§ **Task to carry out**
Using the listing below, please print exactly the lines from the one with "Earth is the" through the one with "Listening test. In". Leave out every picture.

§ **Material for this task**
★ ★ ★

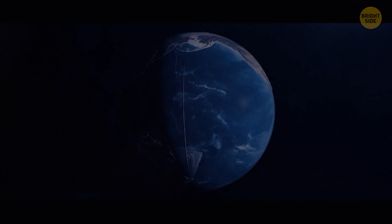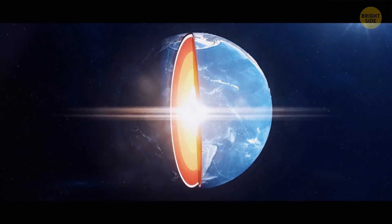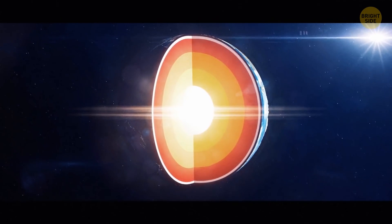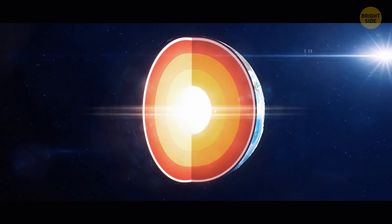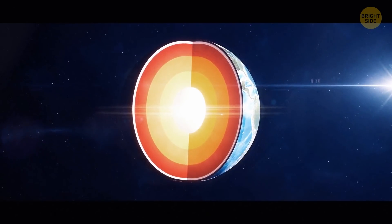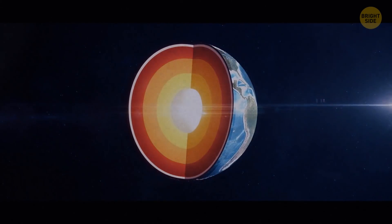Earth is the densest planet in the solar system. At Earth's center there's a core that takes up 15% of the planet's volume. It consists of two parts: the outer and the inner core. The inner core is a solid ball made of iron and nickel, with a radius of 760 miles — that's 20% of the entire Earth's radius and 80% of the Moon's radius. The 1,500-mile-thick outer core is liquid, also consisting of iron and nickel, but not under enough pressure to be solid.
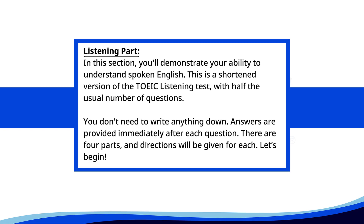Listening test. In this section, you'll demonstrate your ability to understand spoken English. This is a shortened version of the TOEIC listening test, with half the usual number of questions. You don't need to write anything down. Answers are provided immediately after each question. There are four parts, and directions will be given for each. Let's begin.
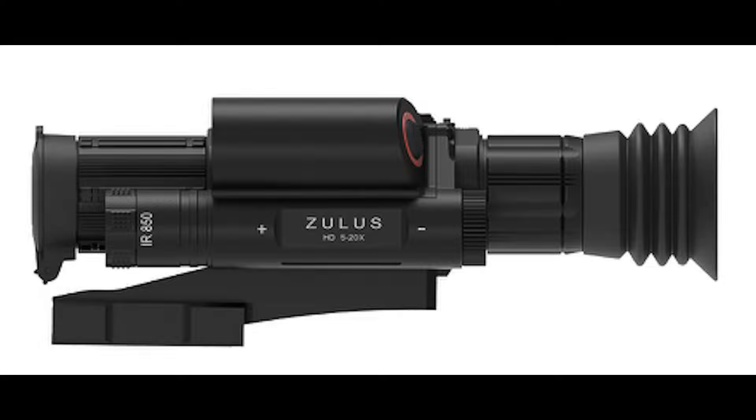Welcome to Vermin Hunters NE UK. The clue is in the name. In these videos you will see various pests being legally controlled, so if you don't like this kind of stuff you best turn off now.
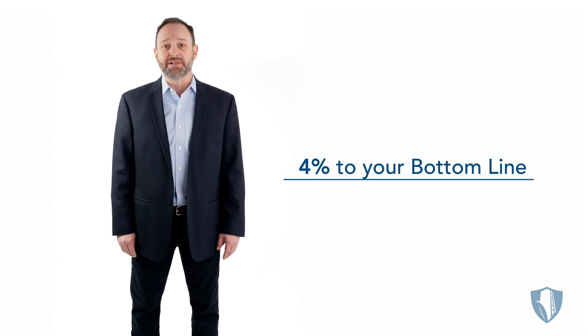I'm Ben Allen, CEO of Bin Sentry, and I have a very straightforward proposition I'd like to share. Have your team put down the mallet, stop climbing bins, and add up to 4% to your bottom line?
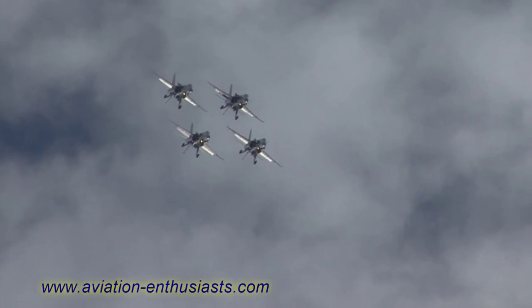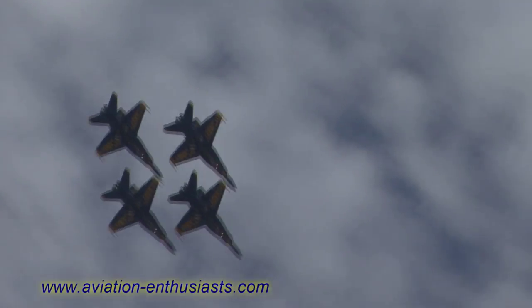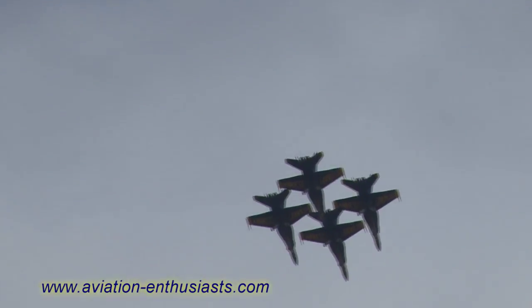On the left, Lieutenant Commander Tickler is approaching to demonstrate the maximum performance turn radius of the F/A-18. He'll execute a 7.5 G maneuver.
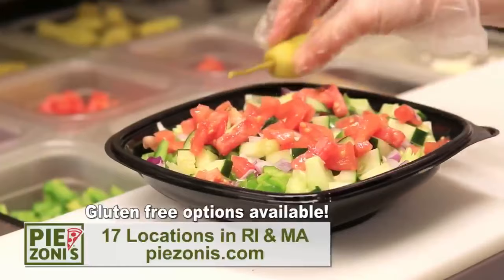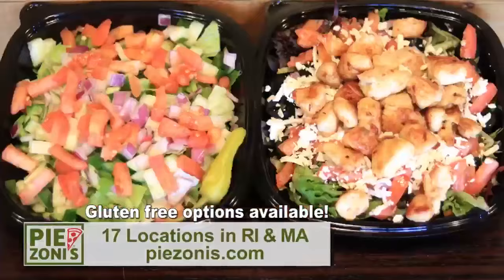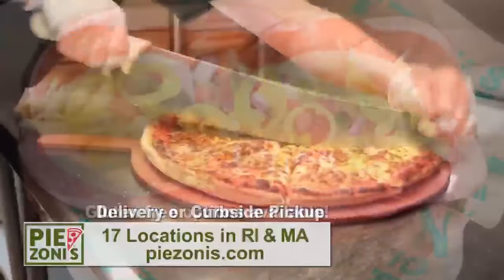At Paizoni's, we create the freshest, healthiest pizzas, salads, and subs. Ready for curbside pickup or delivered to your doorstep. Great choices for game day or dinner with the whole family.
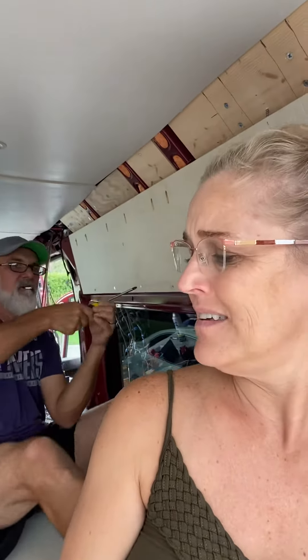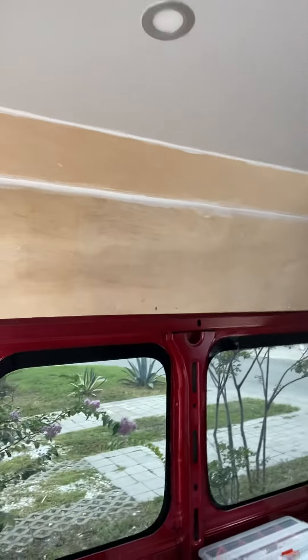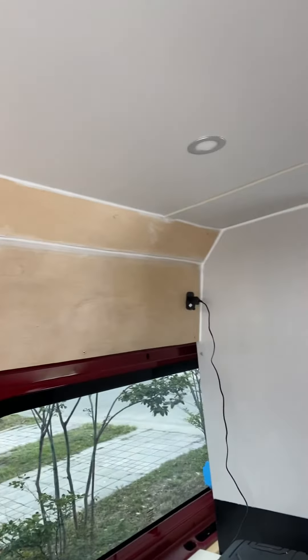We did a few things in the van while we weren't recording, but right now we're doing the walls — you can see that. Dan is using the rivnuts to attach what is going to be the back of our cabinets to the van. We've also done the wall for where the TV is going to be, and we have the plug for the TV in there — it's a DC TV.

★ ★ ★

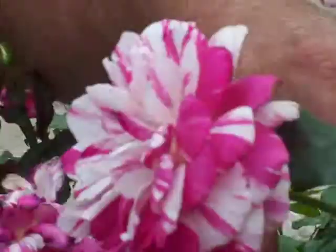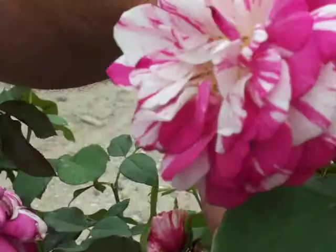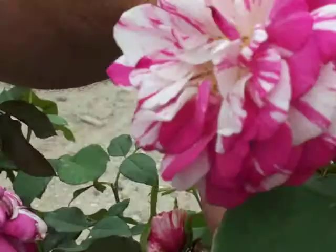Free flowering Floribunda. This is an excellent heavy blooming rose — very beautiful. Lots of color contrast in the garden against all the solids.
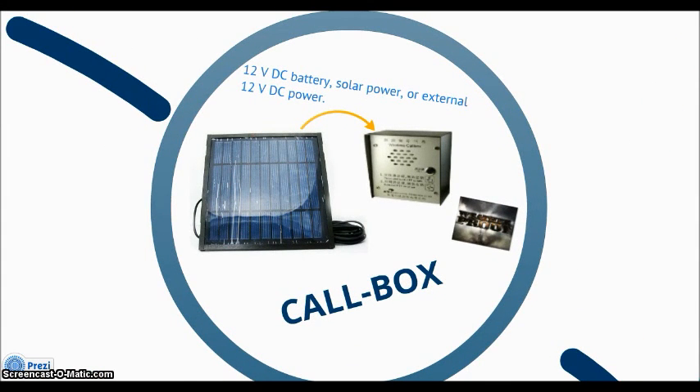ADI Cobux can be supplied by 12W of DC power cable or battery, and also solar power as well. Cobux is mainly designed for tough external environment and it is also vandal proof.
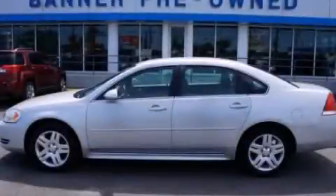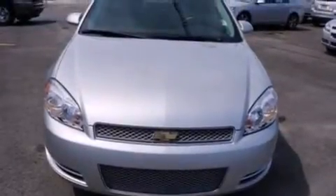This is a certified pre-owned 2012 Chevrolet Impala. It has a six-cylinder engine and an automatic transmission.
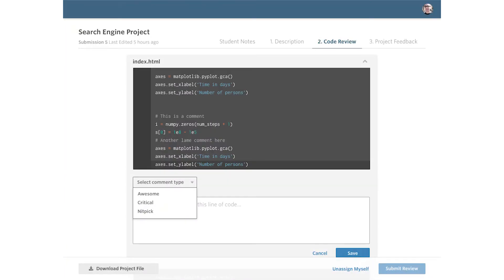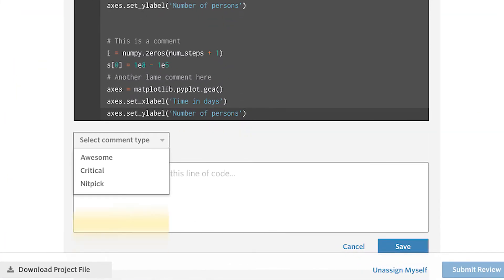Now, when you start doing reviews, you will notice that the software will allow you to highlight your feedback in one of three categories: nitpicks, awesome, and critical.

★ ★ ★

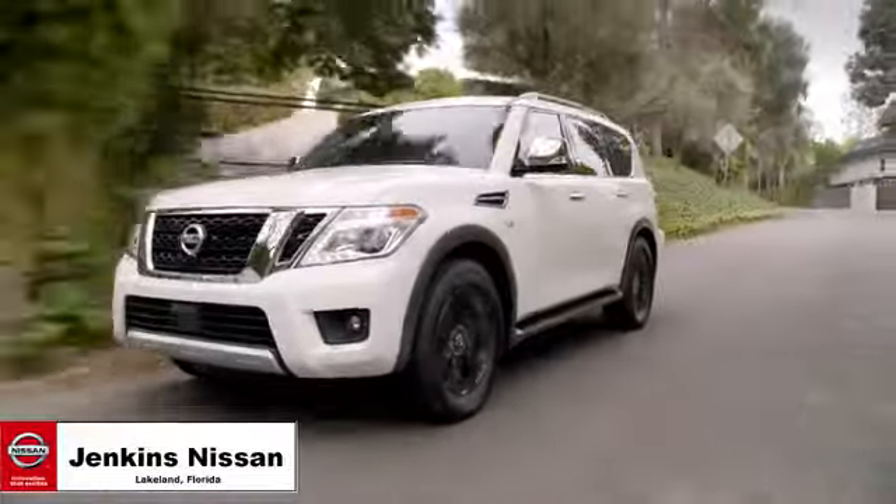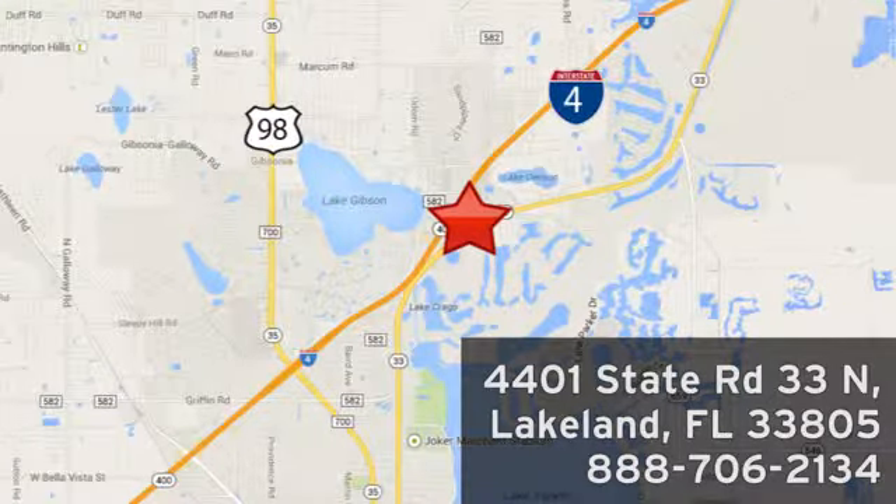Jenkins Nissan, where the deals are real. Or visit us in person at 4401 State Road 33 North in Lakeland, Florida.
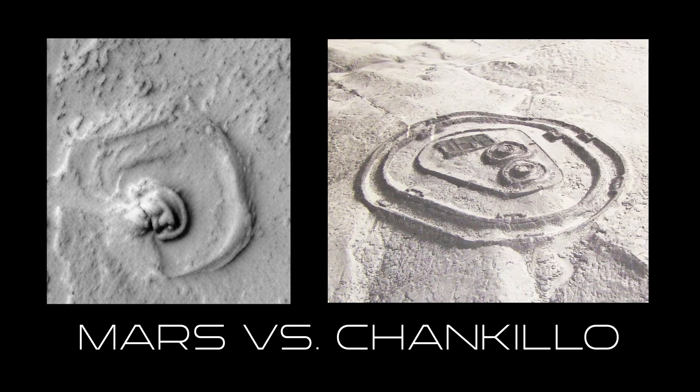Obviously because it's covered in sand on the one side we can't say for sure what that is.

★ ★ ★

§ **Response**
Earth is the densest planet in the solar system. At Earth's center there's a core that takes up 15% of the planet's volume. It consists of two parts: the outer and the inner core. The inner core is a solid ball made of iron and nickel, with a radius of 760 miles — that's 20% of the entire Earth's radius and 80% of the Moon's radius. The 1,500-mile-thick outer core is liquid, also consisting of iron and nickel, but not under enough pressure to be solid.
Listening test. In this section, you'll demonstrate your ability to understand spoken English. This is a shortened version of the TOEIC listening test, with half the usual number of questions. You don't need to write anything down. Answers are provided immediately after each question. There are four parts, and directions will be given for each. Let's begin.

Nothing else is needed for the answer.